Baustoffe aus dem Meer
Das Gipsvorkommen von Pfennigwiese
Der Blick auf den Schneeberg, den -„König der norischen Alpen“-, wie ihn der Dichter Franz Grillparzer nannte, über das Becken von Sierning hinweg, ist von beeindruckender Schönheit, daran ändern auch die wuchtigen Bergbauanlagen vom Pfennigbach nichts. Im Tagbau gewinnt man hier einen begehrten Rohstoff, der in der geologischen Epoche der sogenannten Trias entstand, Gips. Gips, ein wasserhaltiges Calciumsulfat mit der chemischen Formel CaSo4H2O, und Steinsalz (NaCl) bilden die häufigsten chemischen Sedimente, die sich bei verdunstendem Meerwasser bilden. Wird nämlich der Sättigungspunkt von Wasser überschritten, so fallen die darin gelösten Stoffe zu Sedimenten aus. Beginnt Meerwasser zu verdunsten – etwa durch die Abschnürung eines Ozeanbeckens, das außerdem zu wenig Wasserzulauf erhält, um sich wieder aufzufüllen, entstehen als erste Fällungsprodukte Carbonate, also Kalke und Dolomit. Die weitere Verdunstung führt zur Ausfällung von Gips, danach von Steinsalz, dem Edelsalze folgen. Trocknet das Seebecken ganz aus, bildet sich als letzte Schicht Salzton. Aus dieser Abfolge der Sedimentation ist die Entwicklungsgeschichte des Sierninger Beckens leicht zu rekonstruieren: Da hier als oberste Schicht Gips zu Tage tritt und alle folgenden Salzdecken fehlen, verdunstete das Wasser des Beckens nicht zur Gänze, sondern wurde durch zufließendes Meerwasser ergänzt. Dadurch blieb im Sierninger Becken das Wasservolumen konstant und das mächtige Gipsevaporit von Pfenningbach-Puchberg konnte vor 200 Millionen Jahren entstehen.

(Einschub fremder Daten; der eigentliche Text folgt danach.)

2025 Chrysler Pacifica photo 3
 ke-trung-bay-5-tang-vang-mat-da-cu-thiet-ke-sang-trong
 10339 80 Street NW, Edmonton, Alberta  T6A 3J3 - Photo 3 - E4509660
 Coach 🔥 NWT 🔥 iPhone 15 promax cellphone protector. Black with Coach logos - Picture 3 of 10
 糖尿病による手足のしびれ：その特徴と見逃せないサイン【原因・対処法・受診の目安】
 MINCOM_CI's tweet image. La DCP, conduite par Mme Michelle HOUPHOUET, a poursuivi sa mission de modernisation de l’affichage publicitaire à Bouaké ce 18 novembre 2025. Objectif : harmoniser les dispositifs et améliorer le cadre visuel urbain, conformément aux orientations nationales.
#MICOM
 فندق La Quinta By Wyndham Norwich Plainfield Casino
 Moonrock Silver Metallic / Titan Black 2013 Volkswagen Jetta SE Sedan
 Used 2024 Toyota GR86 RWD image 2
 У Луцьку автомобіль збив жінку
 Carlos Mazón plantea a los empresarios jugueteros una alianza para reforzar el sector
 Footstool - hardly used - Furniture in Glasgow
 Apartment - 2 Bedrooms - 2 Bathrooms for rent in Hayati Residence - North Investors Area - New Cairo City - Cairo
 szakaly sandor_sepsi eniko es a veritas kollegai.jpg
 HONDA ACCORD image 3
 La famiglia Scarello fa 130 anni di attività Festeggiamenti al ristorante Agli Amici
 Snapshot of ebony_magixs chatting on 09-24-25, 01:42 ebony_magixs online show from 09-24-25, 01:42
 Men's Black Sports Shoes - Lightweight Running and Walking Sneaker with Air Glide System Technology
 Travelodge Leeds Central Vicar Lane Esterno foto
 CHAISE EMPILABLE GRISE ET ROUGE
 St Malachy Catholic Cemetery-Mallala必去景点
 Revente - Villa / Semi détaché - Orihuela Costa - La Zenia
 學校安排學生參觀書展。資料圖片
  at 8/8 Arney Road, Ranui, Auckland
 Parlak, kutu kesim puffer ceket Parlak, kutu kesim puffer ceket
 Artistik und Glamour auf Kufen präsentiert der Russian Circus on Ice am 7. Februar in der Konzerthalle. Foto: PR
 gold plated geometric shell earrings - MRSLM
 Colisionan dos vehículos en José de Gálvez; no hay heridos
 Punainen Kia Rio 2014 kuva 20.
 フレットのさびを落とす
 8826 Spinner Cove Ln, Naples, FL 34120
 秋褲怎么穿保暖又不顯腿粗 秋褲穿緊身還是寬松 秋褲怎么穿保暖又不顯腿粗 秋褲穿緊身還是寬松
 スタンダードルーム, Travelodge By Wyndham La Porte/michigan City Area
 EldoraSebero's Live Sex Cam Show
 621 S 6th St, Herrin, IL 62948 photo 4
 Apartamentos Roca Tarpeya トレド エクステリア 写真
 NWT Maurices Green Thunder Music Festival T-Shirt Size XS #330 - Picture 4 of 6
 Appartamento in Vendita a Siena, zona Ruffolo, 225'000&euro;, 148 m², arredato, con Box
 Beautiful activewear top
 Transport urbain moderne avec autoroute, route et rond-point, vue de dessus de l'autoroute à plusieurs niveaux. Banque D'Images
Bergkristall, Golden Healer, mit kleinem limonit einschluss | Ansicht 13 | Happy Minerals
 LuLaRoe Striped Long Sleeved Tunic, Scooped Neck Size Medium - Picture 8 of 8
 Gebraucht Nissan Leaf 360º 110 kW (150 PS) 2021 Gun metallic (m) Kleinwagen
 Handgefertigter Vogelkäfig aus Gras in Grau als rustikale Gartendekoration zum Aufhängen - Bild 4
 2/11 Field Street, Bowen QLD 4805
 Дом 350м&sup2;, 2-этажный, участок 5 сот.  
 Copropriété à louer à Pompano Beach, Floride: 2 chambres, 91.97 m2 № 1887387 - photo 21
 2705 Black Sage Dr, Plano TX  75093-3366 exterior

Dieser Vorgang erfolgte allerdings nicht an der heute bekannten Stelle, sondern weit im Süden. Erst durch alpine Gebirgsbildung der Alpen wurde die Gipslagerstätte an ihren heutigen Standort geschoben. Gips, der bei und hauptsächlich in massigen Lagen vorkommt, so bei Golling, Hinterstein, Admont, Tragöß, Weißenbach in Tirol und Heiligenkreuz-, kristalliert gelegentlich zu prismatischen, tafeligen, flächenreichen oder schlangenförmigen, gewundenen Gebilden. In Santa Eulalia, Mexico, entdeckte man eine Druse, die nicht weniger als 100 m lang ist und mit baumdicken, klaren Einkristallen über 3 m aufragt. Solche Prachtstücke kristallisierten Gips sind freilich einzigartig.